I saw it , was just confused about it from the other pages.


----------



## WoodlandScout82 (Dec 11, 2021)

So this means I can't go after coyotes on Cohutta with my .25-06 during furbearer season? If that's so, then my last season at Cohutta is over...


----------



## 35 Whelen (Dec 11, 2021)

WoodlandScout82 said:


> So this means I can't go after coyotes on Cohutta with my .25-06 during furbearer season? If that's so, then my last season at Cohutta is over...



You can kill all the coyotes and hogs you want to from now until February 28th, just have to use small game weapons.


----------



## Professor (Dec 11, 2021)

35 Whelen said:


> You can kill all the coyotes and hogs you want to from now until February 28th, just have to use small game weapons.


A really good reason to go buy a nice 22 mag or 17 caliber rifle.


----------



## jbogg (Dec 11, 2021)

Professor said:


> A really good reason to go buy a nice 22 mag or 17 caliber rifle.

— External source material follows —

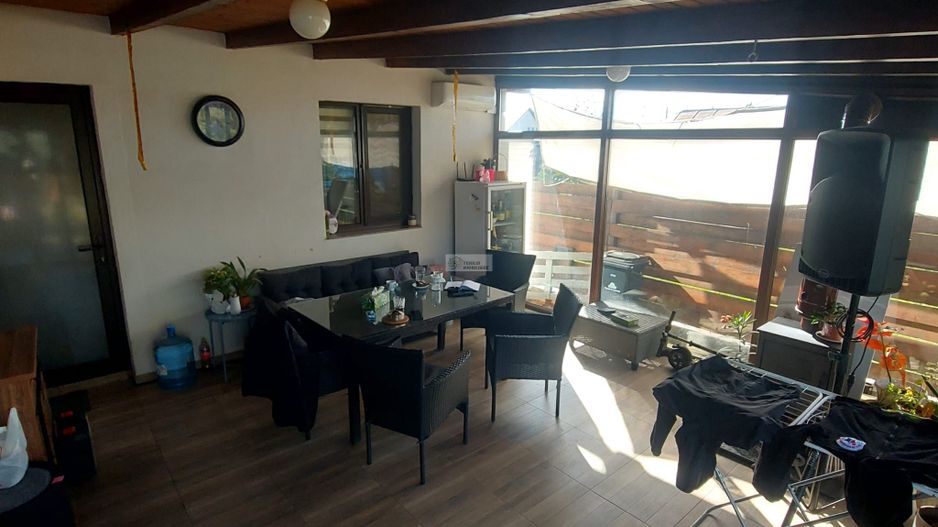 Casa   P+M /Golesti/Vrancea/170.000 neg/teren 1069mp - Poză 3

Don’t forget that muzzle loaders are also a legal option during small game as well as turkey season, so close to eight months of hog hunting on public land if you choose to.  My inexpensive .50 cal CVA wolf has worked well on hogs over the past few years.


----------



## livinoutdoors (Dec 12, 2021)

Yep, get a muzzle loader. I got a cva wolf on the advice of @jbogg and others and seems great so far. I got a nice basic black iron sights model for a couple hundred bucks. Very easy to carry and shoot.


----------



## WoodlandScout82 (Dec 12, 2021)

Professor said:


> A really good reason to go buy a nice 22 mag or 17 caliber rifle.


 I've done pretty well with the LR variety of .22 rimfires over the years.


----------